▶ _Problem statement_: Your task is to return the line containing "Turkcell Superonline 10" and each line after it through the end of the entries, exactly, with no other lines.

▶ _Extracted material_:
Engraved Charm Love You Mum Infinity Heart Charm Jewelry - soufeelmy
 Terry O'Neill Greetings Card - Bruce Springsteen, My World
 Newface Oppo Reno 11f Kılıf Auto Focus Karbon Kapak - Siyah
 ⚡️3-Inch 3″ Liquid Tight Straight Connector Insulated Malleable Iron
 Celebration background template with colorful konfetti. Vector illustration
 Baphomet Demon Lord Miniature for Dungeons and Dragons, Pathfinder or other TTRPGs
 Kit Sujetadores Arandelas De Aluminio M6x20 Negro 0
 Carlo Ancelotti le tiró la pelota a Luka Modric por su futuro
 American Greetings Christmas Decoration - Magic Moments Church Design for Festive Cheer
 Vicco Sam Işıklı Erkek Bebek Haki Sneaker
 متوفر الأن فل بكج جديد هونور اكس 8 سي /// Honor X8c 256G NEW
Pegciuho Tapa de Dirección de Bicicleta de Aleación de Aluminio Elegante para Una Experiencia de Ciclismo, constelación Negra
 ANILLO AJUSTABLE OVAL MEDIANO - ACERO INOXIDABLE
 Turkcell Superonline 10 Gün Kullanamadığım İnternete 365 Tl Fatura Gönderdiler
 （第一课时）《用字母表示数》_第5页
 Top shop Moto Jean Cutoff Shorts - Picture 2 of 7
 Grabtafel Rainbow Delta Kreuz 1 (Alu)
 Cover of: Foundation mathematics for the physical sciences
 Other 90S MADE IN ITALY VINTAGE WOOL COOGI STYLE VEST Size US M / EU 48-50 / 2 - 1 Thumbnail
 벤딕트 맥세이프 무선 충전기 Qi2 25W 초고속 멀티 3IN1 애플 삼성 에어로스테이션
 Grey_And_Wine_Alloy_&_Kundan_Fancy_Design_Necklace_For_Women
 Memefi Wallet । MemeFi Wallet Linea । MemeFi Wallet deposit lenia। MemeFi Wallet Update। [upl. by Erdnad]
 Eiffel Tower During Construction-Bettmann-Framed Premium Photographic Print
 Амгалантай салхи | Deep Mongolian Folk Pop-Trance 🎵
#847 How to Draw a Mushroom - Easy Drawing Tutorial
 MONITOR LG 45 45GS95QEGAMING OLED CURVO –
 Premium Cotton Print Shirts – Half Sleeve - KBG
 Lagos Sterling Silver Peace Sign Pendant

▶ _Written solution_:
 Turkcell Superonline 10 Gün Kullanamadığım İnternete 365 Tl Fatura Gönderdiler
 （第一课时）《用字母表示数》_第5页
 Top shop Moto Jean Cutoff Shorts - Picture 2 of 7
 Grabtafel Rainbow Delta Kreuz 1 (Alu)
 Cover of: Foundation mathematics for the physical sciences
 Other 90S MADE IN ITALY VINTAGE WOOL COOGI STYLE VEST Size US M / EU 48-50 / 2 - 1 Thumbnail
 벤딕트 맥세이프 무선 충전기 Qi2 25W 초고속 멀티 3IN1 애플 삼성 에어로스테이션
 Grey_And_Wine_Alloy_&_Kundan_Fancy_Design_Necklace_For_Women
 Memefi Wallet । MemeFi Wallet Linea । MemeFi Wallet deposit lenia। MemeFi Wallet Update। [upl. by Erdnad]
 Eiffel Tower During Construction-Bettmann-Framed Premium Photographic Print
 Амгалантай салхи | Deep Mongolian Folk Pop-Trance 🎵
#847 How to Draw a Mushroom - Easy Drawing Tutorial
 MONITOR LG 45 45GS95QEGAMING OLED CURVO –
 Premium Cotton Print Shirts – Half Sleeve - KBG
 Lagos Sterling Silver Peace Sign Pendant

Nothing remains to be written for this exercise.